On Gradescope (assignment HW 1: Irregularity proof), complete the proof that the following language is not regular:

L = {w | w = zz for some string z }

(In other words, w has even length and the first half is the same as the second half)

For this language, we will assume that 𝚺={0,1} (in other words., bitstrings).

(Note that this language is a little similar to the one in the previous part—both start and end with the same thing—but the language in this part is not regular.)

Before working on this problem, you might want to look over the class materials and the warmups, to become more familiar with this style of proof.

Read and respond

Read over this article. (Note, you will need to log in with your g.hmc.edu address to access the article).

On Gradescope (HW 1: Reading), write a brief response (4–6 sentences) to the following prompt:

The article mentions a "quiz" where you can see if you can tell if snippets were algorithmically or human-authored, but that quiz is no longer available. Instead, take this direct link to an algorithmic-authoring quiz. Try the quiz (which has six poems—some by human, some by computer). How did you do? To what extent do you feel that automatic authoring is a positive (or negative, or mixed) development? .

Note: The quiz may not show up in some browsers or with some ad-blockers. I was able to get it to display in Safari…

Where to go from here

If you are interested in these topics, here are a few ways to explore it deeper. These items aren’t part of the assignment and aren’t meant to interfere with your other work.
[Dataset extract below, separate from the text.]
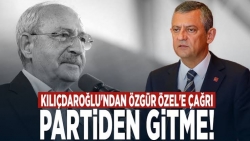 Kemal Kılıçdaroğlu'ndan Özgür Özel'e çok konuşulacak çağrı: Partiden gitme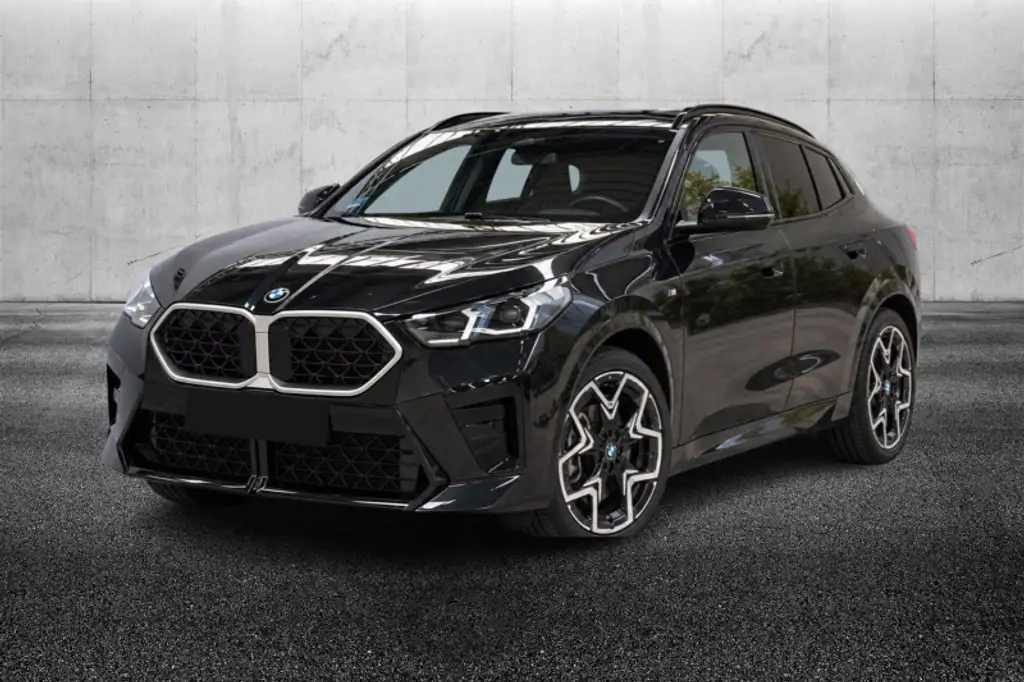 BMW X2 M 2025 из Европы — купить под ключ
They’re just here for fun, and you can refer back to them later, whenever you have some free time and want to think more about the themes of the assignment.

This week in class, we explored regularity, Turing Machines, and the expressive power of computational models. Essentially, we answered the question “What does it mean to compute?”. If you are interested in these topics, here are some additional things to explore.

Resources

If you’re interested in DFAs and the kinds of problems they can(’t) solve, here are a couple of books that go more in depth. These books also talk about other concepts related to DFAs, all from the subdiscipline of Computer Science and Math called Theory of Computation.

Automata, Computability and Complexity: Theory and Applications by Elaine Rich.
Introduction to the Theory of Computation by Michael Sipser.

Both these books go into more detail about regularity, including topics such as:

A proof that DFAs and regular expressions are equivalent models of computation.
Algorithms for converting between these models.
An algorithm for minimizing a DFA.
An algorithm for comparing whether two DFAs are equivalent.
Descriptions of Turing Machines.
Descriptions of other models of computation we haven’t examined.

If you liked Turing Machines and the Halting Problem, you might be interested in:

The Annotated Turing by Charles Petzold
A poem about the Halting Problem by Geoffrey K. Pullum

Practice problems for Turing machines

CS 42 doesn’t ask you to build up the skill of creating Turing Machines—that kind of question won’t appear on an assignment or an exam. However, if you’re curious about what it’s like to use a Turing Machine to solve a problem, here are a couple of practice problems. You can draw them with JSFlap!

Exercise 1

Make a Turing machine that accepts the following language:

L = { w | w is a bitstring of the form 0n12n}

i.e., a bitstring that starts with some number of 0s, followed by twice that many 1s. Assume that the read/write head starts on the left-most character of the (possibly empty) input. Remember that there may be zero 0s!

Exercise 2

Make a Turing machine that accepts the following language:

L = {w | w contains only 0s and the length of w is a power of 2}

You can assume that the input will be a single, contiguous block of all 0s. Also, you can assume that if there are any 0s on the Turing machine's tape, that the read/write head starts at the leftmost 0.

[1] We can make the generated automaton deterministic by adding a single “trap” state. Then, for each state in the generated automaton, for each missing transition, we add a transition from the generated state to the new trap state. This trap state is not an accepting state, so the new automaton accepts the same strings as the generated one, while also being deterministic.